For instance: many if not all of the founders of our country believed that the franchise should be extended only to property owners (perhaps not coincidentally, almost always white men.)  Our understanding of who “the people” (as in “We the people ….”) are is much broader today, and our concern is how to secure the blessings of liberty to the people.  It can be fairly argued that one who cannot exercise his liberty effectively does not have it, and there are plenty of people in this country who are not at liberty.  I do not count myself among these people even though I can’t go to the Jar-E show at the LAB on Saturday.  Pre-teen sleepovers are not true stumbling blocks to the exercise of liberty.

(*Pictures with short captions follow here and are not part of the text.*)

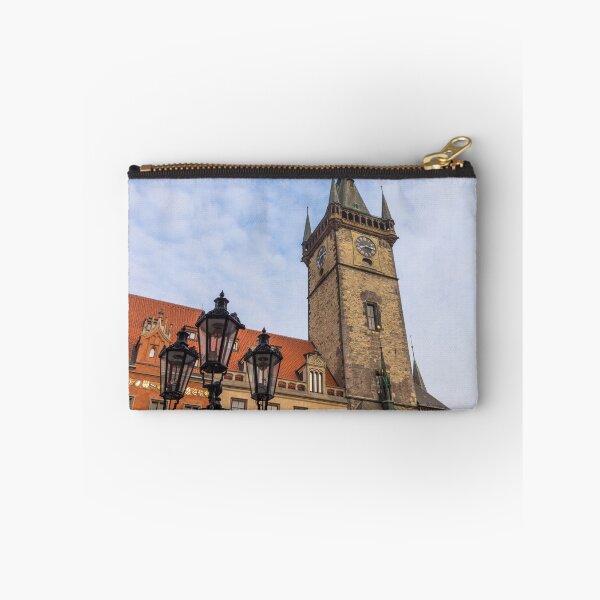 Item preview, Prague Astronomical clock, Orloj, Czech Republic designed and sold by Jiri Hofman.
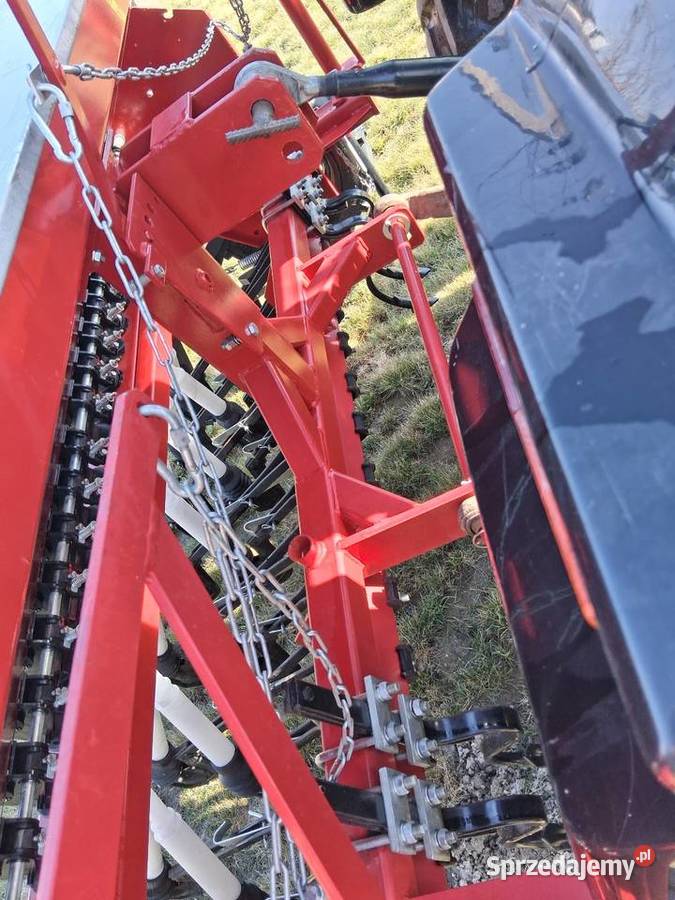 Siewki zbożowy 25m NOWY Puławy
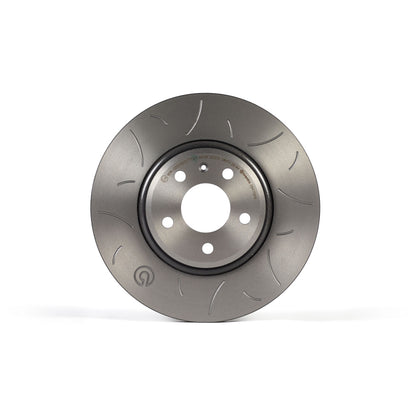 Brembo OE  10-19 Audi A7 Sportback/08-19 Audi Q5 (8RB) Front Sport Brake Disc - 320x28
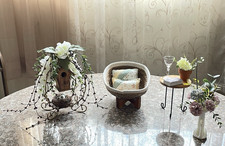 Handcrafted furniture one for sale  Berlin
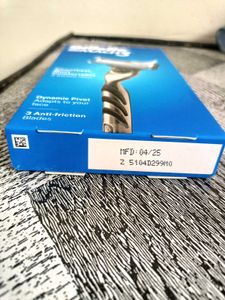 Gillette Mach3 New Blade Razor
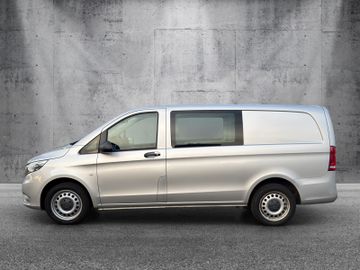 Mercedes Vito - 5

But economic inequities are, particularly when they are preserved and perpetuated by societal institutions.  Society and government are not one in the same, but in a multi-ethnic, multi-faith, multi-multi nation our government is the one tool we have that can shape our society.  Such is the lesson of the Civil War.  It is appropriate and reasonable to suggest that the government take an active role in reducing or eliminating the injustices in society that prevent portions of the citizenry from enjoying life, liberty, and the pursuit of happiness.  That role be as facilitator of transfer payments from wealthier segments of society to the impoverished or it might be of restraint of actions based in hate or conducted with the aim of inspiring fear and inaction in a segment of society.  For that matter, a government founded on Enlightenment principles might consider a wide variety actions aimed at supporting those principles in ways that its founders would never have had to consider.  Such actions are not, therefore, an abandonment of the principles for a new, Marixist philosophy.  They are instead an extension of said principles to their next logical step.